→ WHAT IS EXPECTED
From the data below, please reproduce exactly everything from the line that contains "Close-up of polka" down to the line that contains "Classic stripes get", with both ends included.

→ DATA TO PROCESS
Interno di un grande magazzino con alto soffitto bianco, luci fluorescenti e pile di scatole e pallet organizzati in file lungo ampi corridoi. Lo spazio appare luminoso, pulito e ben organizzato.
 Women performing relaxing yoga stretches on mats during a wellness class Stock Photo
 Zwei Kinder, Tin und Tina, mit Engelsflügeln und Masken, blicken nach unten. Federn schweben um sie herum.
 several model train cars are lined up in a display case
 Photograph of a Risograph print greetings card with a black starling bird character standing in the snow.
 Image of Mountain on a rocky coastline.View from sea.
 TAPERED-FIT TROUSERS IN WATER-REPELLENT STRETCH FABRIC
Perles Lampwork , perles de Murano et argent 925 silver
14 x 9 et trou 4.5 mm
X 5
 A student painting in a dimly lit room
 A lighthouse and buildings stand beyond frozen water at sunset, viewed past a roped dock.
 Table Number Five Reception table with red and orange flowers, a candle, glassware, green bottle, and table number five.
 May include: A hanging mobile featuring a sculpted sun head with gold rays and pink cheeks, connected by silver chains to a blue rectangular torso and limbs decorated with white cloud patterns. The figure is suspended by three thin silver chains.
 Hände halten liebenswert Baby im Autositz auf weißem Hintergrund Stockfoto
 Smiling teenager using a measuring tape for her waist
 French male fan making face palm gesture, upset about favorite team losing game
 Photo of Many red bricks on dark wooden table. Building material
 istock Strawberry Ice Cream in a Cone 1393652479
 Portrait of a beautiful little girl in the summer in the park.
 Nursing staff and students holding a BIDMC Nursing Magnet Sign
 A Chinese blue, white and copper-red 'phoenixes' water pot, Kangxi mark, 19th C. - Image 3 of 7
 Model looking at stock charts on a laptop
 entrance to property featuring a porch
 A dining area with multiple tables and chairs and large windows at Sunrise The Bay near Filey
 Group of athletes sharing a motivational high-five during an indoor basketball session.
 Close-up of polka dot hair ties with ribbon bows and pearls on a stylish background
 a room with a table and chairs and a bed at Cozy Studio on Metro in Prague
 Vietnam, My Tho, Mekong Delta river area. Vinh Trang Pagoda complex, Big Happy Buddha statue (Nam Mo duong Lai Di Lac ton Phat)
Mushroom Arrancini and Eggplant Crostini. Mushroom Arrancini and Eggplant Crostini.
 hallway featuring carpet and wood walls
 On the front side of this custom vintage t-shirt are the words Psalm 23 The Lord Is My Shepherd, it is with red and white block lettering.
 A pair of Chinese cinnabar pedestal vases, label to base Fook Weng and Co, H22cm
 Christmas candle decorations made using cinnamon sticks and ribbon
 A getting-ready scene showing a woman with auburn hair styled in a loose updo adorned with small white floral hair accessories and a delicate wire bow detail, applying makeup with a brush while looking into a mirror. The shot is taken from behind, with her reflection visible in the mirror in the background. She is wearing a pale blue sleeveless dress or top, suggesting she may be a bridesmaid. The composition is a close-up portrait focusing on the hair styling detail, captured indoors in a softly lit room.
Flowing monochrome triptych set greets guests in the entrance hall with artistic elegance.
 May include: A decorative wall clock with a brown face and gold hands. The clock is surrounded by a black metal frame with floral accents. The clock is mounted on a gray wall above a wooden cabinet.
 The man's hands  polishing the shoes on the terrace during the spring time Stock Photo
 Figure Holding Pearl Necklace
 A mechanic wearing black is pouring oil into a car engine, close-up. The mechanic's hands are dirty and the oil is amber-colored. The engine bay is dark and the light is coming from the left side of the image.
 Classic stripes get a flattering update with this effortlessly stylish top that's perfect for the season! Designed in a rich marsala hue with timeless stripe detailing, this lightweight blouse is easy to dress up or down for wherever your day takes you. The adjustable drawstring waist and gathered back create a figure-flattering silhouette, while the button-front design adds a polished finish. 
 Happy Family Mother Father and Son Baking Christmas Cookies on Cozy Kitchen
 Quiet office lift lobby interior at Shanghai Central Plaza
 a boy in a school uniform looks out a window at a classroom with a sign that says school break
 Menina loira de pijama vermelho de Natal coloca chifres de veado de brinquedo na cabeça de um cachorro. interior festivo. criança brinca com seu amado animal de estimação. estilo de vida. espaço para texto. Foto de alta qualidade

→ OUTPUT
 Close-up of polka dot hair ties with ribbon bows and pearls on a stylish background
 a room with a table and chairs and a bed at Cozy Studio on Metro in Prague
 Vietnam, My Tho, Mekong Delta river area. Vinh Trang Pagoda complex, Big Happy Buddha statue (Nam Mo duong Lai Di Lac ton Phat)
Mushroom Arrancini and Eggplant Crostini. Mushroom Arrancini and Eggplant Crostini.
 hallway featuring carpet and wood walls
 On the front side of this custom vintage t-shirt are the words Psalm 23 The Lord Is My Shepherd, it is with red and white block lettering.
 A pair of Chinese cinnabar pedestal vases, label to base Fook Weng and Co, H22cm
 Christmas candle decorations made using cinnamon sticks and ribbon
 A getting-ready scene showing a woman with auburn hair styled in a loose updo adorned with small white floral hair accessories and a delicate wire bow detail, applying makeup with a brush while looking into a mirror. The shot is taken from behind, with her reflection visible in the mirror in the background. She is wearing a pale blue sleeveless dress or top, suggesting she may be a bridesmaid. The composition is a close-up portrait focusing on the hair styling detail, captured indoors in a softly lit room.
Flowing monochrome triptych set greets guests in the entrance hall with artistic elegance.
 May include: A decorative wall clock with a brown face and gold hands. The clock is surrounded by a black metal frame with floral accents. The clock is mounted on a gray wall above a wooden cabinet.
 The man's hands  polishing the shoes on the terrace during the spring time Stock Photo
 Figure Holding Pearl Necklace
 A mechanic wearing black is pouring oil into a car engine, close-up. The mechanic's hands are dirty and the oil is amber-colored. The engine bay is dark and the light is coming from the left side of the image.
 Classic stripes get a flattering update with this effortlessly stylish top that's perfect for the season! Designed in a rich marsala hue with timeless stripe detailing, this lightweight blouse is easy to dress up or down for wherever your day takes you. The adjustable drawstring waist and gathered back create a figure-flattering silhouette, while the button-front design adds a polished finish. 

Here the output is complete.